If you see some thing like this, then you have a running hstream kafka cluster:

txt
hserver_1    |[INFO][2024-01-12T02:15:08+0000][app/lib/KafkaServer.hs:193:11][thread#30]Cluster is ready!

TIP

You can also run in background:

sh
docker-compose -f kafka-quick-start.yaml up -d

TIP

If you want to show logs of server, run:

sh
docker-compose -f kafka-quick-start.yaml logs -f hserver

Connect HStream Kafka with CLI

You can use hstream-kafka command-line interface (CLI), which is included in the hstreamdb/hstream image, to interactive with hstream kafka cluster

Start an instance of hstreamdb/hstream using Docker:

sh
docker run -it --rm --name kafka-cli --network host hstreamdb/hstream:latest bash

Create a topic

To create a topic, you can use hstream-kafka topic create command. Now we will create a topic with 3 partitions

sh
hstream-kafka topic create demo --partitions 3
sh
+------+------------+--------------------+
| Name | Partitions | Replication-factor |
+------+------------+--------------------+
| demo | 3          | 1                  |
+------+------------+--------------------+

Produce data to a topic

The hstream-kafka produce command can be used to produce data to a topic in a interactive shell.

sh
hstream-kafka produce demo --separator "@" -i
  • With the --separator option, you can specify the separator for key. The default separator is "@". Using the separator, you can assign a key to each record. Record with same key will be append into same partition of the topic.
  • Using -i option to enter the interactive mode.
sh
info@This is a info level log.
warn@This is a warn level log.
hello hstream!

Here we have written three pieces of data. The first two are associated with specified key. The last one does not specify a key.

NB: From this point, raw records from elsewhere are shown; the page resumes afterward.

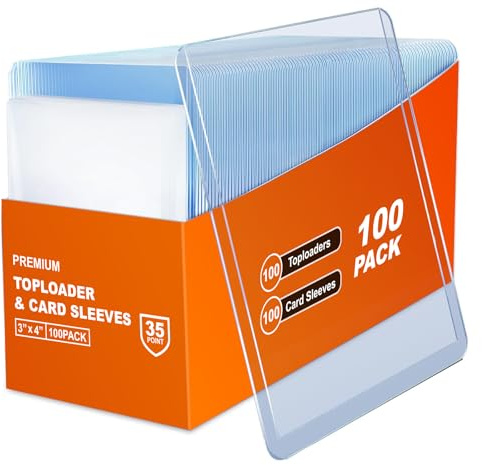 Top loaders 200 Piece, 3 x 4Clear Rigid Card Cases for Collectibles, （100 Hard Toploaders + 100 Clear Sleeves） for Trading Card Games (MTG), Sports Cards
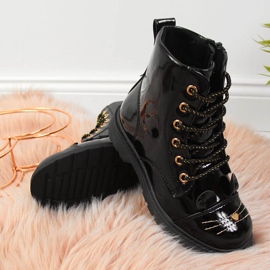 Cizme negre Miss❤E izolate cu urechi pentru fete negru 1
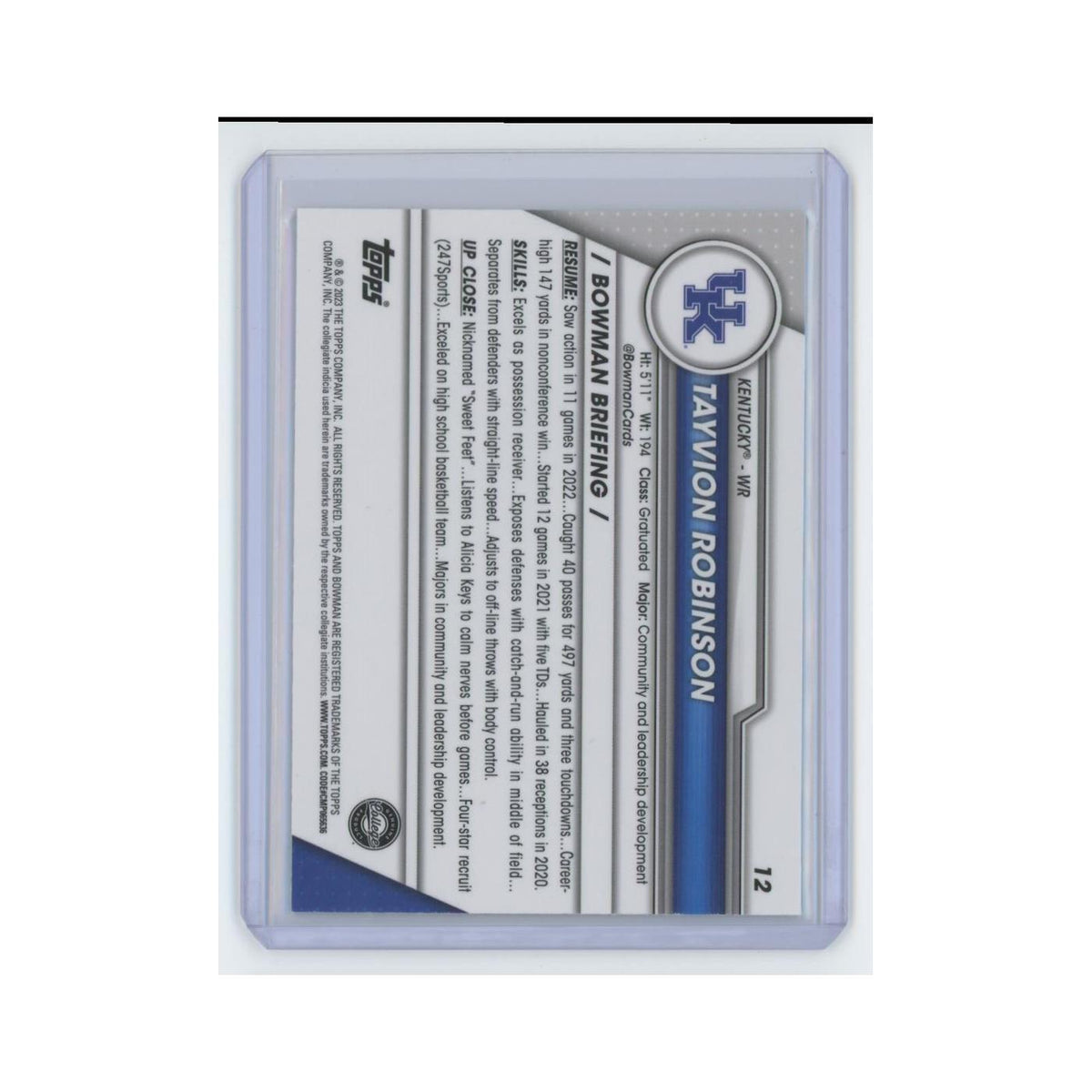 Tayvion Robinson 2023 Bowman University Chrome #12 Kentucky Wildcats NM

For additional information, you can use hstream-kafka produce -h.

Consume data from a topic

To consume data from a particular topic, the hstream-kafka consume command is used.

sh
hstream-kafka consume --group-id test-group --topic demo --earliest --verbose --eof
  • Using the --verbose option will print the creation timestamp and the key of the record. The --eof option will tell the consumer to exit after receiving the last message in the partition.
sh
CreateTimestamp: 1705026820718   Key: info                 This is a info level log.
CreateTimestamp: 1705026912306   Key:                      hello hstream!
CreateTimestamp: 1705026833287   Key: warn                 This is a warn level log.
EOF reached for all 3 partition(s)
Consumed 3 messages (62 bytes)

For additional information, you can use hstream-kafka consume -h.